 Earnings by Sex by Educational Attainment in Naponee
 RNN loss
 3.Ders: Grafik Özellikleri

━━━━━━━━━━━━━━━━

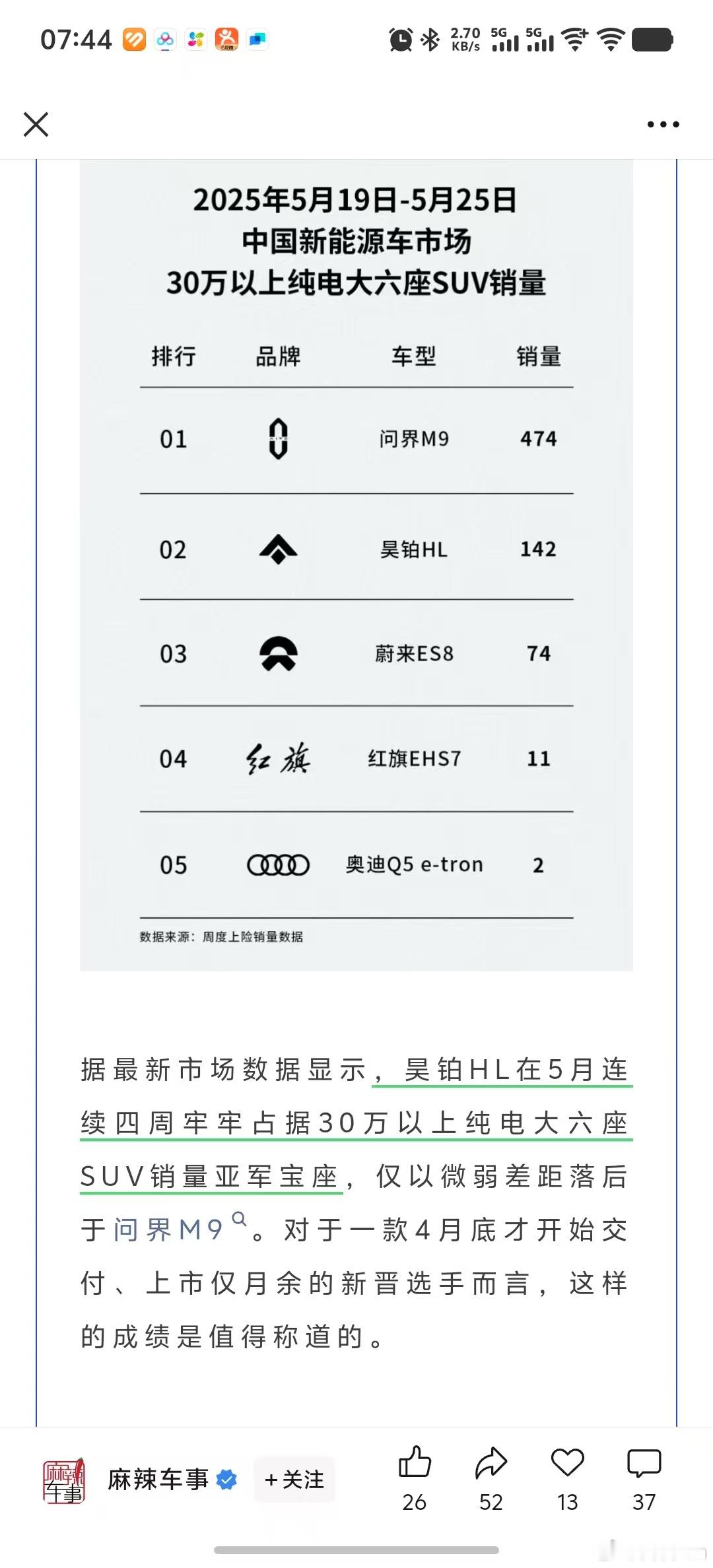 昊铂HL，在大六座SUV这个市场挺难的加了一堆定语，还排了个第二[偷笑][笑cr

━━━━━━━━━━━━━━━━

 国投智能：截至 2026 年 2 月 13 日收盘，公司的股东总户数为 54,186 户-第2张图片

━━━━━━━━━━━━━━━━

### TASK REQUIREMENTS
The entries above hold a line with "Earnings by Sex" and a later line with "3.Ders: Grafik Özellikleri". Write out exactly those lines and all lines between, nothing more.

### COMPLETED TASK
 Earnings by Sex by Educational Attainment in Naponee
 RNN loss
 3.Ders: Grafik Özellikleri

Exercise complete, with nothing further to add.